We are also of the opinion that, as between the interpretation of chapter 170 proposed by the appellants, and that advocated by the respondents, it is the interpretation of the respondents which more closely conforms to the ideal of treating similarly positioned litigants in the same way. According to the appellants’ interpretation, two identical personal injury plaintiffs, each the recipient of comparable medical assistance, and each offered a settlement of the same amount, would face the prospect of actually receiving different amounts depending on the speed with which the settlement is actually offered. The size of the Medicaid lien would correspond to the length of time needed to achieve a settlement, and the amount ultimately realized by the individual plaintiff would be an inverse relationship to the size of the lien. In complex cases, which typically take years to settle, the size of the lien might be such as to render any possible settlement futile from the perspective of the injured plaintiff.
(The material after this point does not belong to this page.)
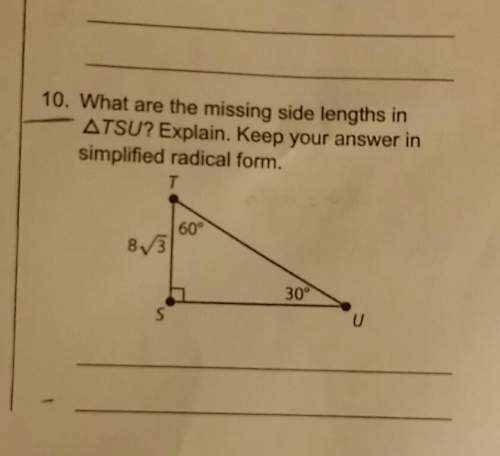 10. what are the missing side lengths in tsu? explain. keep your a answer insimplified radica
The legislature may well have wished to avoid this discrepancy in not adapting the proposals above noted (see, Link v Town of Smithtown, supra).

In sum, we hold that the satisfaction of a preexisting Medicaid lien is not a precondition to the funding of a supplemental needs trust. Therefore, the compromise order of the Supreme Court is affirmed.

Rosenblatt, Sullivan and Hart, JJ., concur.

Ordered that the compromise order is affirmed, with one bill of costs payable by the appellants appearing separately and filing separate briefs.